They also propose the energy intensive conversion of 'stranded gas' to liquids. This they state, would only increase the cost of the resulting barrel by about ten per cent over current oil prices.
Finally they propose burning methane, or converting methane into natural gas.
One notices a strong bias in this paper, as I mentioned above, in that for reasons I don't understand the author's are wedded to environmentally harmful strip mining practices and are also wedded to the idea of burning things up, even quoting 30 thousand years worth of methane burning, which would do who knows what to the environment and the atmosphere, when solar technology would spare us all the burning and all the strip mining and pollution and nuclear power plants they propose. Who knows what they are thinking. I can't figure it out. Perhaps they have jobs that depend on people burning fuels and thus think its great...
They follow the above with criticism of the Hubble Bell Curve, which describes 'peak oil', and their criticism is that not every oil field or well follows a bell curve, indeed some are assymetric.
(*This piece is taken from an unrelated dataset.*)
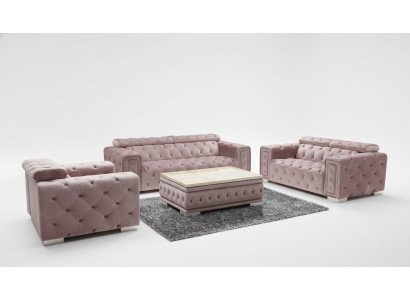 Ensemble de canapé design Chesterfield, Ensemble de canapé rembourré 3+3 9914 en velours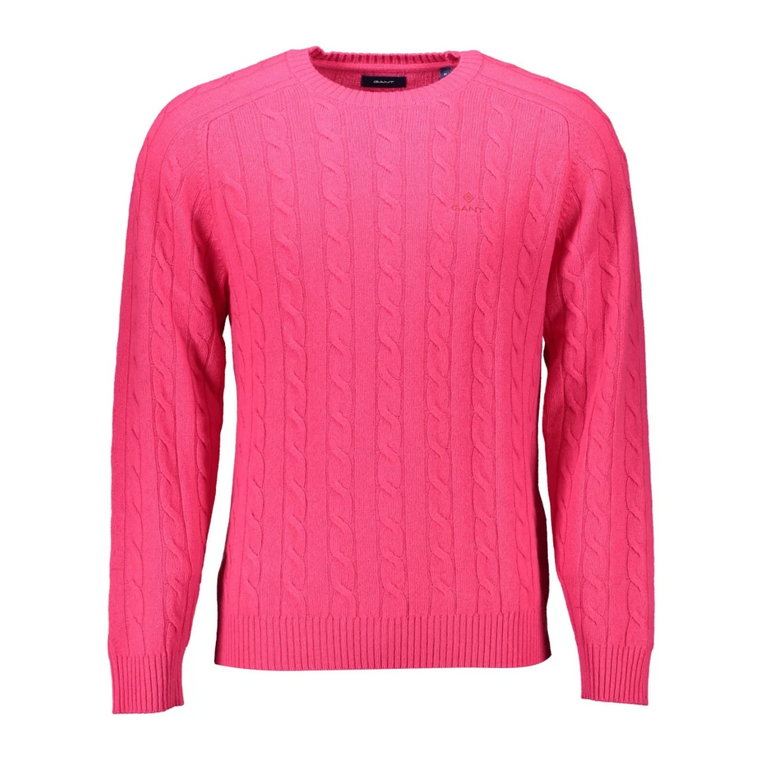 Różowy Sweter z Wełny, Długi Rękaw, Okrągły Dekolt, Logo Gant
This might be true, but it is still a poor argument against 'wasteful distractions' such as spending money on solar energy development, instead of spending it on equally expensive technologies such as shale extraction or methane, which they don't mind, and seem to think people can burn for at least another 30 thousand years.
After criticizing the hubble curve, and hubble's philosophy of life, they then praise nuclear reactors, which of course would be needed, not to fuel electric cars, but rather to convert shales and tar and methane to gasoline for SUVs. They argue that there is enough uranium to fuel nuke plants for at least 500 years. They advocate such environmentally harmful practices as 'mining the ocean water' for uranium which they say would only cost 1000 dollars a pound.
They also ignore the potential of solar power and falsely state that "If the environmental problems and perceptions surrounding nuclear power plants cannot be overcome, there is no known resource or technology which can supply energy for the civilization of the future."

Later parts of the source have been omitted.